* TASK STATEMENT *
Whenever a line of the records below contains the word "white", copy that line.

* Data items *
--------------------------------

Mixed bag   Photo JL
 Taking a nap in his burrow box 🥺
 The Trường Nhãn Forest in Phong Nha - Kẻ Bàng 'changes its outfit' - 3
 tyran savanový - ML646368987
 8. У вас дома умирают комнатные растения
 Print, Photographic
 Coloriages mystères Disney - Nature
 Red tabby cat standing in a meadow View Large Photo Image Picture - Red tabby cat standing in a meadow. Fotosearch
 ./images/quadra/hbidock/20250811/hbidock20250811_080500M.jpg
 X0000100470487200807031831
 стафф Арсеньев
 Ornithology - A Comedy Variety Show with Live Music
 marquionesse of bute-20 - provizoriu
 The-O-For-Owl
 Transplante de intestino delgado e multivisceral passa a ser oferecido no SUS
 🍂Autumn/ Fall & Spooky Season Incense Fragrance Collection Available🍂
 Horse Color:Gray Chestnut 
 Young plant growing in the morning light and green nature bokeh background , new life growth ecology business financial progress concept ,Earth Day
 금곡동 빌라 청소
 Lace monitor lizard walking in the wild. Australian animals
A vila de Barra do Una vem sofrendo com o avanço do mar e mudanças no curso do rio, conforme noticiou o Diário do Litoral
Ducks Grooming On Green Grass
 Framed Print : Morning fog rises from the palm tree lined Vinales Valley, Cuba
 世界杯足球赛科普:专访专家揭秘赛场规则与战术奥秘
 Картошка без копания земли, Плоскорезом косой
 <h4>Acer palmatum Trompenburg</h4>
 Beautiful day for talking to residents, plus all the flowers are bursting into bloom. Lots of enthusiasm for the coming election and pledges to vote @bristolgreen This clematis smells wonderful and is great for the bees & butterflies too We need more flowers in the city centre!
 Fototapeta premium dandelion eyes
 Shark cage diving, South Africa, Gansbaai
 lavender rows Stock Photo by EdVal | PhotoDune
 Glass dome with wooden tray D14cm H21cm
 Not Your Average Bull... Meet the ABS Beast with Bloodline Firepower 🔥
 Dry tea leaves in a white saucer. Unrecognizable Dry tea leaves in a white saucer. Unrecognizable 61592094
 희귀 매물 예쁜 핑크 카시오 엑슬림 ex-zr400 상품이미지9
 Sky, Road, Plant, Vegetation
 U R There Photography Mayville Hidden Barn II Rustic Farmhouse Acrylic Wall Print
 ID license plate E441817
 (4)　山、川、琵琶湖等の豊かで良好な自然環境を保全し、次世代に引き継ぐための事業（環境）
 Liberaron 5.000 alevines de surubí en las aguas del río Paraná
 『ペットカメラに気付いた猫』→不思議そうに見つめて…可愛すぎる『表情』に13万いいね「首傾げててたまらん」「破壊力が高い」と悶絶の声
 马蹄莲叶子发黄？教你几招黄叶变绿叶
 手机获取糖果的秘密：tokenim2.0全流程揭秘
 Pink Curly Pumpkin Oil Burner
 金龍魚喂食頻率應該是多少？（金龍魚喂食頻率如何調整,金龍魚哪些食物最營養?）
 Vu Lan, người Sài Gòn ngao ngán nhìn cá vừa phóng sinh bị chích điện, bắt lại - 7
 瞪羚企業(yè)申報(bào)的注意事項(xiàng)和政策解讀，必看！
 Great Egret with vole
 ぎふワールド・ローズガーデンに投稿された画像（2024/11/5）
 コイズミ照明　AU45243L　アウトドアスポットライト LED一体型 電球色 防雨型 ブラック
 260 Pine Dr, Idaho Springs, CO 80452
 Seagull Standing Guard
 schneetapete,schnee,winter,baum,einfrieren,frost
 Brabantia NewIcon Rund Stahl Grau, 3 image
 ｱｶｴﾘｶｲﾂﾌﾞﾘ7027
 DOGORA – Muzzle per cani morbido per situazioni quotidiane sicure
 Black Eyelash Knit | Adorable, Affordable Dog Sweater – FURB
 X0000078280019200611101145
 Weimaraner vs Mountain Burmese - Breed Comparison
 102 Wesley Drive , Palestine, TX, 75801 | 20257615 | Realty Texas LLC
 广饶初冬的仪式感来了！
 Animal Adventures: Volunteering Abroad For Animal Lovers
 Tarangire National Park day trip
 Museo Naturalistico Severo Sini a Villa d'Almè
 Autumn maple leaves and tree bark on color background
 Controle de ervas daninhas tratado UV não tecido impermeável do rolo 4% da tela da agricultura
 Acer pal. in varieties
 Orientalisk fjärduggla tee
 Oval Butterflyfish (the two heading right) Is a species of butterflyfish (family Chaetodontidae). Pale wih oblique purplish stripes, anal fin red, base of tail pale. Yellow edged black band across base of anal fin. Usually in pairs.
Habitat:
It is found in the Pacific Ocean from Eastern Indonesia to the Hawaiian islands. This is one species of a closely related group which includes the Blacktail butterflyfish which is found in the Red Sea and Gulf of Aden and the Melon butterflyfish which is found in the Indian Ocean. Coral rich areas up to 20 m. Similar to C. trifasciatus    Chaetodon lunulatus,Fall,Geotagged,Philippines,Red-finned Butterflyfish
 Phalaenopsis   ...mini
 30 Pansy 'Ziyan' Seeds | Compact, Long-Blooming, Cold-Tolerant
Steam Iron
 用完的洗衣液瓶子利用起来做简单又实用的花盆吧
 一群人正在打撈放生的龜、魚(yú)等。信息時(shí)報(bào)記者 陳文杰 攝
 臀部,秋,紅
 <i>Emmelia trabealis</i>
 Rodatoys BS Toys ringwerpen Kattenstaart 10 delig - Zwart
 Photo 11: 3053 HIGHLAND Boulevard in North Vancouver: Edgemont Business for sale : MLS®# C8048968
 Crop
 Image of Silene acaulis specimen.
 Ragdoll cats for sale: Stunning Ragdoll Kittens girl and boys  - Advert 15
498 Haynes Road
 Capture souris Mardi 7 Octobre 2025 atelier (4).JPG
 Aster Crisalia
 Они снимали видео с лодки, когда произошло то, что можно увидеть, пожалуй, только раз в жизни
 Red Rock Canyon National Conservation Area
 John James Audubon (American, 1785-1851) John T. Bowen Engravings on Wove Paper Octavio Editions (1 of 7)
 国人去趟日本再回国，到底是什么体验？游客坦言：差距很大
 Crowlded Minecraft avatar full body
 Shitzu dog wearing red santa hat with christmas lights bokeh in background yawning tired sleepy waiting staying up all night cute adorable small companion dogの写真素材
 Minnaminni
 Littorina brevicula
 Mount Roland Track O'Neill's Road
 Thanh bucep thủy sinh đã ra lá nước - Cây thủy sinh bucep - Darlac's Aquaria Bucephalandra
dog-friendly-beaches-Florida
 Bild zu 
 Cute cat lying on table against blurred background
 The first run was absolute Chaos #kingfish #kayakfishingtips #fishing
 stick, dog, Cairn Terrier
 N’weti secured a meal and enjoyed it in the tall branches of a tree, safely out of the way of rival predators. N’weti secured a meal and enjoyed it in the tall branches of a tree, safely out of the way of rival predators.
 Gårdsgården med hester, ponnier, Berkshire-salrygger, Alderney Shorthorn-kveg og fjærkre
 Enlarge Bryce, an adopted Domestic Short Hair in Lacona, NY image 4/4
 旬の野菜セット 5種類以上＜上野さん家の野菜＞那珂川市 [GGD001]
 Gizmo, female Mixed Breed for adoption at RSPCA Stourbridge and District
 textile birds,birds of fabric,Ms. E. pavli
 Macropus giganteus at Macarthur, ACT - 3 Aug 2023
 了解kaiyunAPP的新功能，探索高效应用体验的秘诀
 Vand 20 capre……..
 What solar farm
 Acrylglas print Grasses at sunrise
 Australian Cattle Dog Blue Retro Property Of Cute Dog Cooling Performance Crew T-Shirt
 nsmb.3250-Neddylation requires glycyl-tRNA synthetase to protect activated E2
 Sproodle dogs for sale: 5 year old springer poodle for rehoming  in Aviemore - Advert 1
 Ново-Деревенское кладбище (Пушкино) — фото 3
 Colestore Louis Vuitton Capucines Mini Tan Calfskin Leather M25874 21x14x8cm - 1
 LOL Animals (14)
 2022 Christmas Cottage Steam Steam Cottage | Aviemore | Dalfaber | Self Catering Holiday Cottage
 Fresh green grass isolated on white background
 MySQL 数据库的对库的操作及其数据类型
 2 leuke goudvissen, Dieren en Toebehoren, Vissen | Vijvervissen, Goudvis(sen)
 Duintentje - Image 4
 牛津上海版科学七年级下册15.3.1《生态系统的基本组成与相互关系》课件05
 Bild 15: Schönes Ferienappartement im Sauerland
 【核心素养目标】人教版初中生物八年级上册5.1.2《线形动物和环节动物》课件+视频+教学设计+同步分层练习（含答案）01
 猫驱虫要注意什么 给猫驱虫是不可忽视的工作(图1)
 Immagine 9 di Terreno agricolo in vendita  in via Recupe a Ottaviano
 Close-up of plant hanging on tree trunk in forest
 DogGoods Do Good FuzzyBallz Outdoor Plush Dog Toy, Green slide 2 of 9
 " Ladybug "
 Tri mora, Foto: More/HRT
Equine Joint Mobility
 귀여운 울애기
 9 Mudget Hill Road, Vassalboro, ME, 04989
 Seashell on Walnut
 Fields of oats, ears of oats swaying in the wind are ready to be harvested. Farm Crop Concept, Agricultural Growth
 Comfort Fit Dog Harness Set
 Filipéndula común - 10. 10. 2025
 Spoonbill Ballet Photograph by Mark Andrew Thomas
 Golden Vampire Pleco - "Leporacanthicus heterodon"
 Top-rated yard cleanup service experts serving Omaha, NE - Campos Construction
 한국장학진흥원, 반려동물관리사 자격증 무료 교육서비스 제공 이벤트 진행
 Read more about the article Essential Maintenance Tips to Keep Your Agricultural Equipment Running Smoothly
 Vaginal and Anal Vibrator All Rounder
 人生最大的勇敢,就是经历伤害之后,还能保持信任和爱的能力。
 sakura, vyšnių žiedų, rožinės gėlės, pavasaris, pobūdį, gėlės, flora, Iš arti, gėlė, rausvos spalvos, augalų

--------------------------------

* ANSWER *
 Dry tea leaves in a white saucer. Unrecognizable Dry tea leaves in a white saucer. Unrecognizable 61592094
 Fresh green grass isolated on white background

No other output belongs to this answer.